Ergma is a decorated physicist who served at the Soviet Institute of Space Research in the 1980s after graduating from Tartu University and Moscow State University cum laude. When she switched to politics as a member of the Res Publica party, Ergma said it was "to defend science."

She said she would continue to advocate for the improvement of the education system if elected president.
"Natural and technical sciences remain rather unpopular with young people in Estonia, but more and more people are required in this field to build up a society based on high-tech.
"I am concerned about the aging teaching staff, since the teacher's profession, particularly in science, is not popular with the young. This is where the state has to step in and make considerable contributions," she said.
Ergma said her scientific background would assist her with "analytical capacity, the ability to work with huge flows of information, the ability to listen and to involve experts in decision-making processes".

She said "time will show" whether Estonia was ready to have a female leader.
For his part, Ilves has said that if elected president he would work toward fostering better cooperation between the new EU members. "Personally, it seems to me that there is no common vision among the new EU members right now on how to go ahead, and there's a clear feeling that the new members ought to do something together," Ilves told public ETV television last week.

Ilves said that even though the Estonian presidency doesn't have far-ranging powers, he has discovered in both his articles in the Estonian media and activity in the European Parliament that the ability to convince people is no less important.
"That is also the role that I've been playing in the European Parliament, to rally these forces, to cope a little better within the European Union, so that we weren't so fragmented there.
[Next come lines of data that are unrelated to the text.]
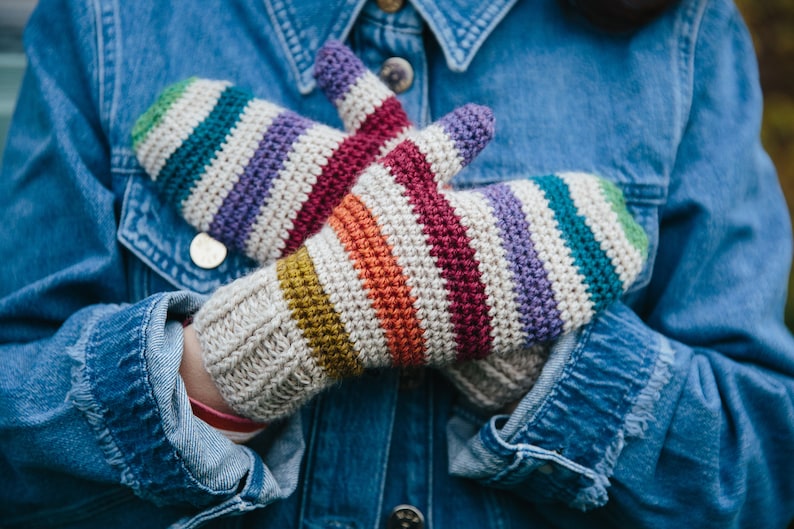 Bifrost crochet mittens. A PDF written Pattern. image 1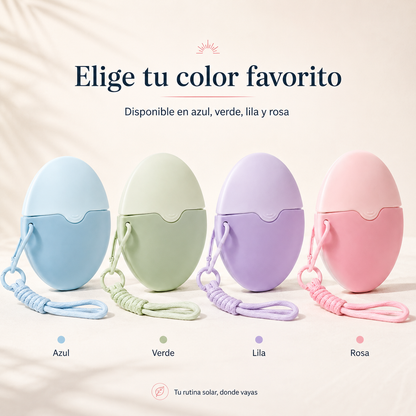 Aplicador de Protector Solar Recargable 55 ml para Niños y Adultos | Esponja Portátil en Colores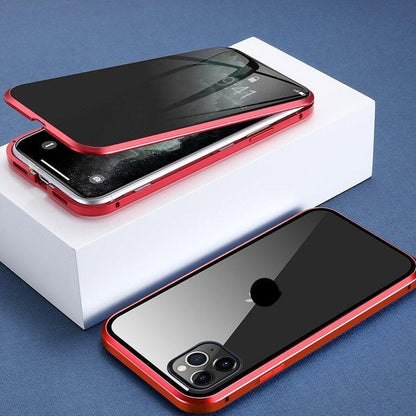 Magnetic iPhone Case with Privacy Protection - PrivaGuard-Red-iPhone XS Max-The Livary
That's where the ability to convince people counts," Ilves, who is vice chairman of the European Parliament's foreign affairs committee, said.

Ilves said he is prepared to stay on as a candidate in the electoral college vote should the parliamentary vote on the president produce no result. If Parliament chooses someone else as head of state, it will be good too because it means that a compromise has been found and the Constitution abided by, said Ilves.
"If it's going to be electoral college, Arnold Ruutel will be the main rival. If it's going to be in parliament, I don't know who the main rival will be," Ilves said, adding that hopefully accord will be reached in parliament.
Parliament will meet on August 28 to vote on the candidates. If it is unable to decide on a leader after two rounds, the decision will fall to an electoral college.